How not to install a high efficiency motor

It takes more than just the motor to deliver an efficient outcome.

By Ray Hardee, PE, Engineered Software, Inc. June 14, 2011

The Energy Independence and Security Act of 2007 (EISA 2007), which mandates that all new motors sold in the United States must meet a minimum motor efficiency, but does not apply to motors in stock, or rewound motors, went into effect on Dec. 19, 2010.

You would expect that by installing an EISA motor with higher efficiency, one should see a reduction in electrical power consumption along with a reduction in equipment operating cost. If you simply replace an existing motor used to drive centrifugal pumps or a fan with a higher efficiency EISA motor, you may not see as much energy savings as you would expect, and you may not achieve any energy savings at all. We’ll find out how this can happen.

How motor efficiency improvements are achieved

The majority of electric motors in use are 3-phase ac induction motors. In a 3-phase induction motor there are three coils on the stator (the stationary part of the motor). As the alternating current flows into the motor’s stator coils, a rotating magnetic field is established.

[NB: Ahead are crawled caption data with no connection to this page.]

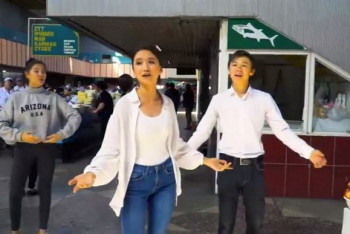 Фотография к новости: Креативным флешмобом на Зелёном рынке поздравили алматинцев с Днём города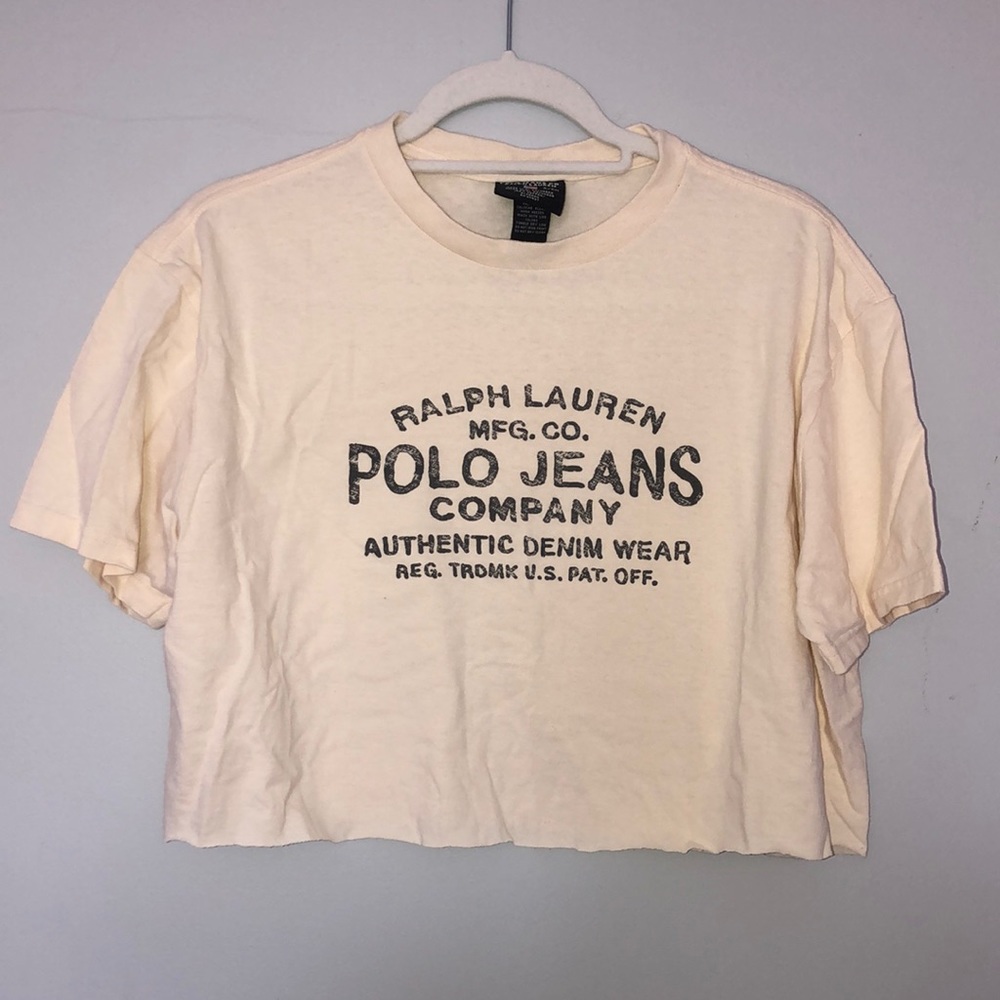 🌸Buy 1 get 1 free tops🌸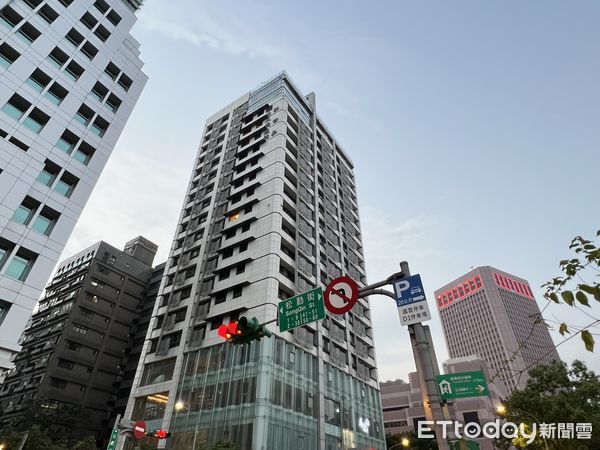 ▲▼         新世界   。（圖／記者項瀚攝）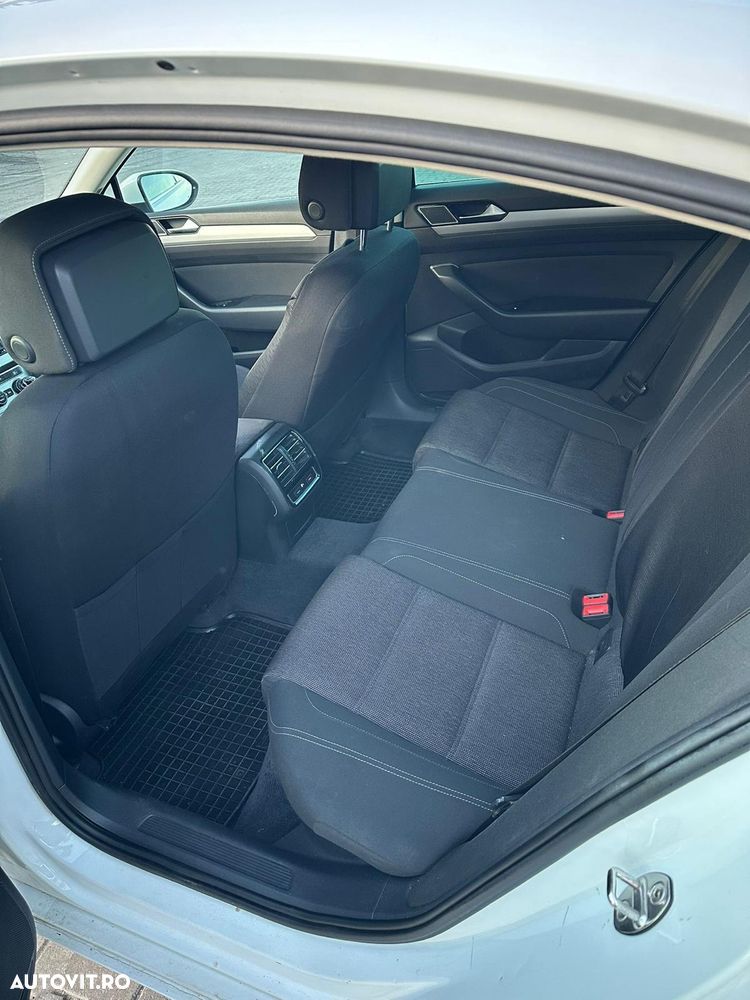 Volkswagen Passat - 7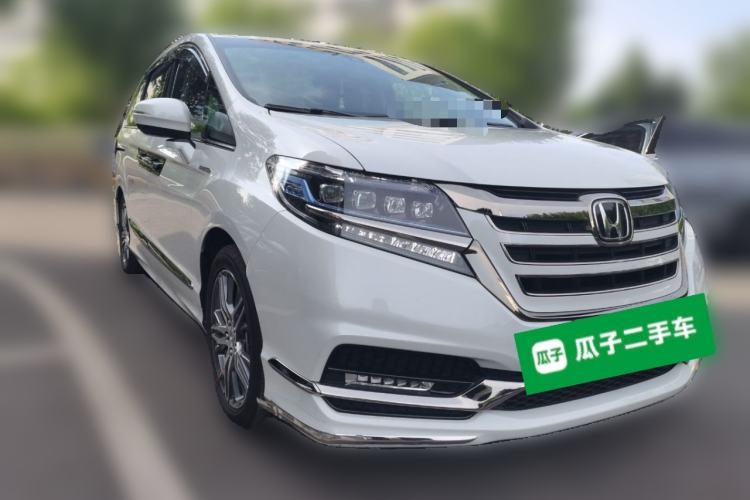 Used Honda Elysion 2019 2.0L Hybrid Luxury Edition Front Right 45 Deg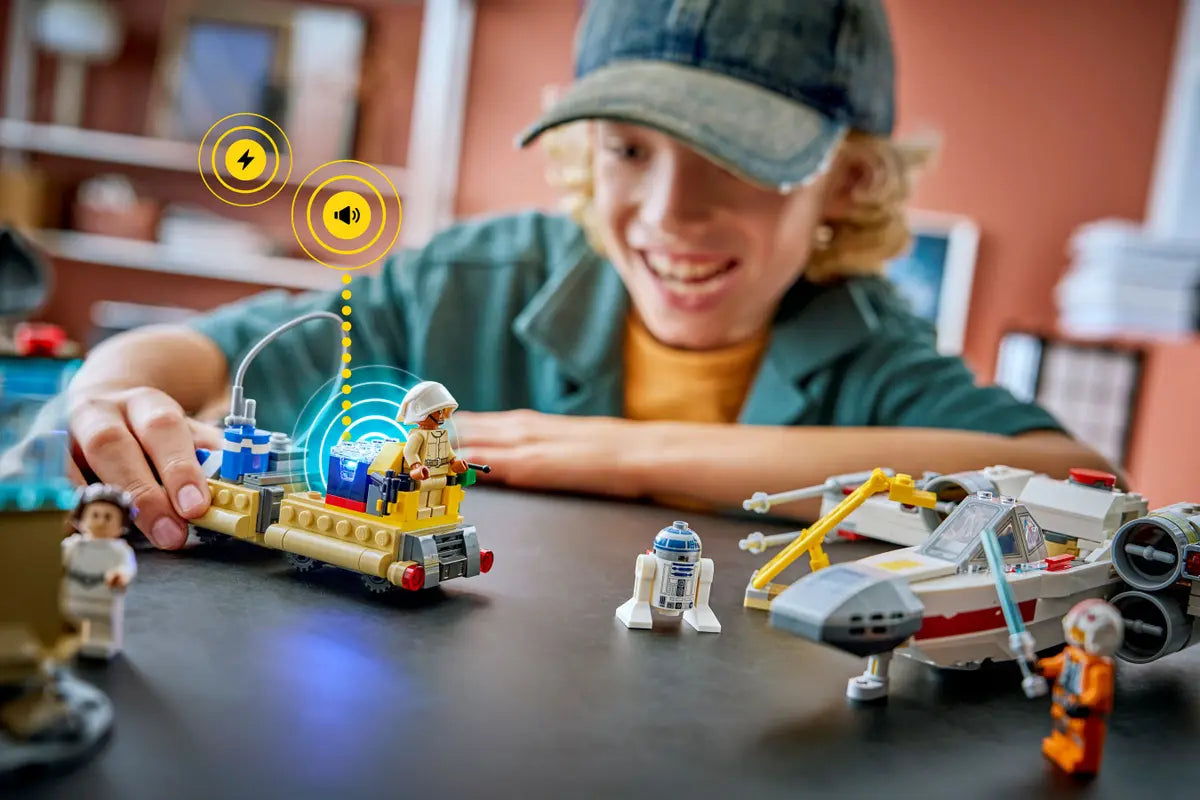 SMART Play™: Luke's Red Five X-Wing™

The motor’s rotor consists of a shaft along with three separate coils wound into the motor’s rotor. The rotating magnetic field developed by the alternating current flowing through the stator creates an electric current in the windings on the rotor. The current generated in the rotor windings creates a magnetic field that follows the stator magnetic field, resulting in a torque on the rotor that causes it to rotate.

Since the current generated in the rotor windings is created by the movement of the stator’s magnetic field, there must be a difference between the rotational speed of the stator and the rotational speed of the rotor. The difference in rotational speed between the stator and rotor is called slip, and the amount of slip depends on the load on the motor. For example, a two-pole motor connected to a 60 Hz power source has a rotating magnetic field in the stator of 3,600 rpm. If the slip created by a load is 50 rpm, then the motor will rotate at 3,550 rpm. The stator speed is referred to as synchronous speed and the rotor’s speed is called the rotational speed.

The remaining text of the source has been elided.